BJP thinks repeal of farm laws will help in UP but I think they are mistaken: AIKS President
Farmers in Uttar Pradesh have been very angry over shortages of inputs, price-rise, non payment of dues and several other issues, says Dr Ashok Dhawale, president, All India Kisan Sabha (AIKS)
Dr Ashok Dhawale, president, All India Kisan Sabha (AIKS) and one of the leaders of the Samyukta Kisan Morcha (SKM), an umbrella organisation of 500 farmers’ bodies, has been at the forefront of the farmers’ movements over the past three decades. He spoke to Santoshee Gulabkali Mishra on the road ahead for farmers. Excerpts:
Do you see the repeal of the farm laws as a positive signal?
The Prime Minister took a U-turn on farmers’ demand for repealing the laws but he did not say even once that the laws were flawed or were against the farmers’ interests. He never apologised to the farmers for their hardship; all that he said was that he was sorry he failed to explain that the laws were for the farmers’ own benefit.
The laws were arbitrary, undemocratic, were brought in without consultations and were decidedly anti-farmer, anti-people and pro-corporate. Therefore, the PM’s U-turn was historic and significant. It has been the longest and largest farmers’ protest since Independence against an extremely cynical and arrogant government at the Centre.
BJP-RSS had staked everything on these farm laws. They wanted to enable both domestic and foreign corporates to make windfall profit from trading in agricultural produce.
They probably think they will win UP elections by repealing the farm laws. But I strongly believe they are mistaken. We know farmers of Uttar Pradesh are sick of the BJP government. For Paddy the official MSP is Rs. 1,940 per quintal, but farmers in UP are getting only Rs. 1,100 per quintal, so they are being robbed of Rs. 840 per quintal.
There are huge shortages of farm inputs in UP and black-marketing is rampant. On top of this, diesel and petrol prices have become prohibitive. The budget of UP farmers has gone haywire. These issues are not connected with farm laws but farmers are angry, very angry.
Maharashtra tops in farmers’ suicides but the state government is evidently unable to prevent them.
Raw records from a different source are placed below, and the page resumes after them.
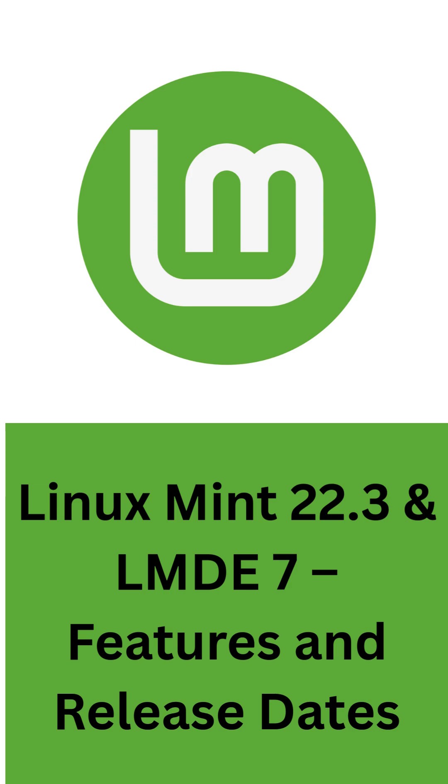This edition will carry over many of the new features from Mint 22.2, but with a Debian foundation instead of Ubuntu.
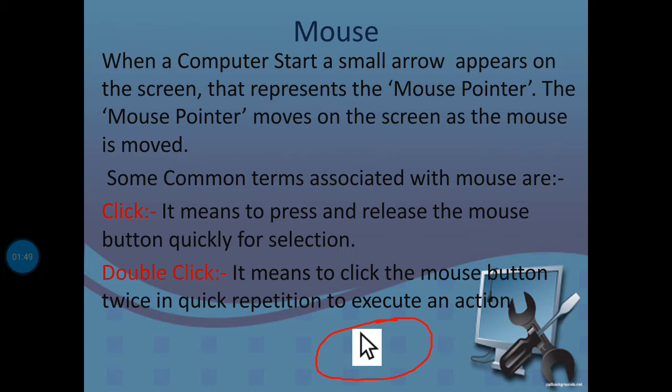Click means to press and release the mouse button quickly for selection. Double click means to repeatedly press and release two times. We call this double click.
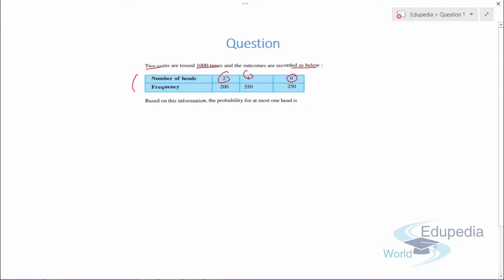Based on this information, we need to find the probability of at most one head. What is the meaning of 'at most one head'? It means either 0 or 1 — it should not be greater than 1. You have to be very careful about what the question is asking.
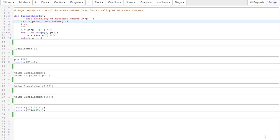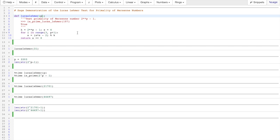Now for a SAGE demonstration of the Lucas-Lehmer test. The function 'lucas_lehmer' takes in p — the exponent, not the Mersenne number itself. It defines k = 2^p minus 1 as the Mersenne number, initializes s = 4, then loops up to p minus 1, updating s as (s squared minus 2) mod k at each step, and returns whether s equals 0. Running this for p = 31, which is prime, we get a true value.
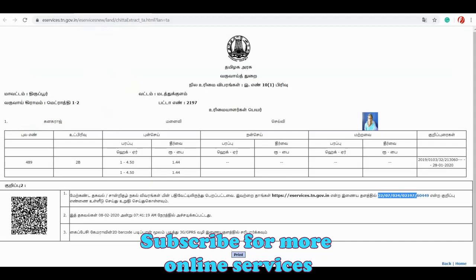You can go to the registration department or the revenue department, and the VIO will automatically process it. You can get a photo of your application.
What is the role of state governments?
Suicides by farmers started in 1993-94 in India. Data from NCRB reveal that over four lakh debt-ridden farmers have committed suicide from 1995 to 2020. Among them one lakh committed suicide during the last six-seven years and several lakh farmers have been forced to sell off their land.
Almost all state governments follow neo-liberal policies introduced in 1991-92. These policies clearly did not help farmers. A change in policy is needed by both the Union and state governments. But the reality is that the Union government controls the lion’s share of funds and resources available and also funds the largest number of schemes.
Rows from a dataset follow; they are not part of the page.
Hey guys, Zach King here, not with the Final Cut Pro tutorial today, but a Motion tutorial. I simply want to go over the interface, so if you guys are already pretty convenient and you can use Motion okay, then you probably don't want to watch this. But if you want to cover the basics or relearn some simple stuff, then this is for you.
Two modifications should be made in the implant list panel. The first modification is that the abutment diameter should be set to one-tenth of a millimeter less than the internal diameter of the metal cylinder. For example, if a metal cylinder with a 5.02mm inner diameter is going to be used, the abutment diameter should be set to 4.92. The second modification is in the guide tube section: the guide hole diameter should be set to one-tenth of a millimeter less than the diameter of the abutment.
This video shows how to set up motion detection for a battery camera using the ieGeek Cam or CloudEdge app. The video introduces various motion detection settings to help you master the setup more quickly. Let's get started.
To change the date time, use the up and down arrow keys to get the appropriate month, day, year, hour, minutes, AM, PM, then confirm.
Bihar did away with Agriculture Marketing Boards (Mandis) in 2006 while Kerala has extended MSP to vegetables. What are the lessons to be learnt from the two states?
Bihar presents the worst-case scenario. In 2006 Bihar repealed the APMC Act. Since then, farmers there have never received the MSP for paddy @ Rs 1940 per quintal. Most of them are paid between Rs 800 and Rs 1100 by traders.
Kerala never had an APMC Act because it always produced cash crops. But for paddy, for example, Kerala government is paying Rs 2850 per quintal, which is Rs 900 more than the MSP. It is the highest in India and shows that if there is political will, farmers can be given a better deal. Despite the limitations that state governments have, a lot can still be done by states for agriculture.
Women farmers have stood with men shoulder to shoulder in the farmers’ protests. But they hardly own any farmland; they are always working as farm-labour. How do you see their future?
My sincere ‘Laal Salam’ to women farmers who have been an integral part of the protests. They do not own land, I agree. We have always demanded joint-patta and joint ownership of land.
It is a work in progress and we are determined to ensure that women do not just walk in the protest but become co-owners of the land.